***** Dataset content *****
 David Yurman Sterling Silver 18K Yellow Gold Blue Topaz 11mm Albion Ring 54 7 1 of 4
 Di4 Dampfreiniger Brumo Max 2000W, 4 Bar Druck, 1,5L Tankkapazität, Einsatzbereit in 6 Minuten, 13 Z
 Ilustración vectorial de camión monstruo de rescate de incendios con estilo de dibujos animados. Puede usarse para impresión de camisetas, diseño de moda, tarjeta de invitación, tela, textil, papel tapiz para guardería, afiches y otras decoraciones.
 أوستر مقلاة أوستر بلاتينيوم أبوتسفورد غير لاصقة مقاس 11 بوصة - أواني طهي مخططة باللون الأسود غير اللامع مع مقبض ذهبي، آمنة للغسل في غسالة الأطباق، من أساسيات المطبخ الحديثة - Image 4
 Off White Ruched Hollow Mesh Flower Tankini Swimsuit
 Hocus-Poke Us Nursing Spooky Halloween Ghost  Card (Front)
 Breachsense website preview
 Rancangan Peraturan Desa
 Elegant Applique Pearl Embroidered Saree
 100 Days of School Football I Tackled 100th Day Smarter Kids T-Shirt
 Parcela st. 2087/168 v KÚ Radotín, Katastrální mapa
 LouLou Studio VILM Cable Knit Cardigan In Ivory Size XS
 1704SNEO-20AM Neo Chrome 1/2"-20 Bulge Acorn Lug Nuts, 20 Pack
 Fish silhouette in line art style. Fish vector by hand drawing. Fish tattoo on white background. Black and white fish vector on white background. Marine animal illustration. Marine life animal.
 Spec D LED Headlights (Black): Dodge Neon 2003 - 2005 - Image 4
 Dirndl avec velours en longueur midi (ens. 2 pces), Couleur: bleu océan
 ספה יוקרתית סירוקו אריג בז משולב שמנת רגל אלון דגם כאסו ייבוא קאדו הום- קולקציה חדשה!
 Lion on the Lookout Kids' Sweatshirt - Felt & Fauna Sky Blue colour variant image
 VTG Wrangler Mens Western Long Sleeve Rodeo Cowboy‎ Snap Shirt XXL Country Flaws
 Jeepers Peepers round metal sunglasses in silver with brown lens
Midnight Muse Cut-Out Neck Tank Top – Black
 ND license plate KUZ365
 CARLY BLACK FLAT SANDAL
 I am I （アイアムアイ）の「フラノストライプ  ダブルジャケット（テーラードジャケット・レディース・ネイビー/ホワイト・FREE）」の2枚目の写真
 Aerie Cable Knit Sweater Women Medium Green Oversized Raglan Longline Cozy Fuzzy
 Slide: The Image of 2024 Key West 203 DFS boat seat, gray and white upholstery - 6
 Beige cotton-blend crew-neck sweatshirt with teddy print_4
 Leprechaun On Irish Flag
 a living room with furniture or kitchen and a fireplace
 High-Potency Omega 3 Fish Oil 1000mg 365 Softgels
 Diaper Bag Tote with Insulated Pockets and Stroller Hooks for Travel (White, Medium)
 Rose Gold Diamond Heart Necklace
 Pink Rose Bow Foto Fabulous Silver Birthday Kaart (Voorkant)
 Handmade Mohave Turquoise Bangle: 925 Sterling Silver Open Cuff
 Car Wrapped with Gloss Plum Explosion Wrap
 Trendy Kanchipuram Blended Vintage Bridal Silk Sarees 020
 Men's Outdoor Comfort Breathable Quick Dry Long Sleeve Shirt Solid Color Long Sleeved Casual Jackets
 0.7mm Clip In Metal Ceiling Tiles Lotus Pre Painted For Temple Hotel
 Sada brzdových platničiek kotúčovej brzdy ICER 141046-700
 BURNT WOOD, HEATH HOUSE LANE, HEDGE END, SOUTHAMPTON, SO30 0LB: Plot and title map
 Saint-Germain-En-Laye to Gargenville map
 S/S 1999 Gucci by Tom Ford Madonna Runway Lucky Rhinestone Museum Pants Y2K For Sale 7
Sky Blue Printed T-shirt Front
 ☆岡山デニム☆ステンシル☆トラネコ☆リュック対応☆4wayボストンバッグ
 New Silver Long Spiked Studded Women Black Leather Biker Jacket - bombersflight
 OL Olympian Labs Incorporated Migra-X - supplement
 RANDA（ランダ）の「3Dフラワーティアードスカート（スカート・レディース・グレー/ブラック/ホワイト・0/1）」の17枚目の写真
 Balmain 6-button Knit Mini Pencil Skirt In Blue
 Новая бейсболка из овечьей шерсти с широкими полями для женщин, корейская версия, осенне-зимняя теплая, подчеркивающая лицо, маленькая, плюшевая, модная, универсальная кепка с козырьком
*****
The lines to write out run from the one with "RANDA（ランダ）の「3D" through the end of the records. Give them exactly, and only them.

 RANDA（ランダ）の「3Dフラワーティアードスカート（スカート・レディース・グレー/ブラック/ホワイト・0/1）」の17枚目の写真
 Balmain 6-button Knit Mini Pencil Skirt In Blue
 Новая бейсболка из овечьей шерсти с широкими полями для женщин, корейская версия, осенне-зимняя теплая, подчеркивающая лицо, маленькая, плюшевая, модная, универсальная кепка с козырьком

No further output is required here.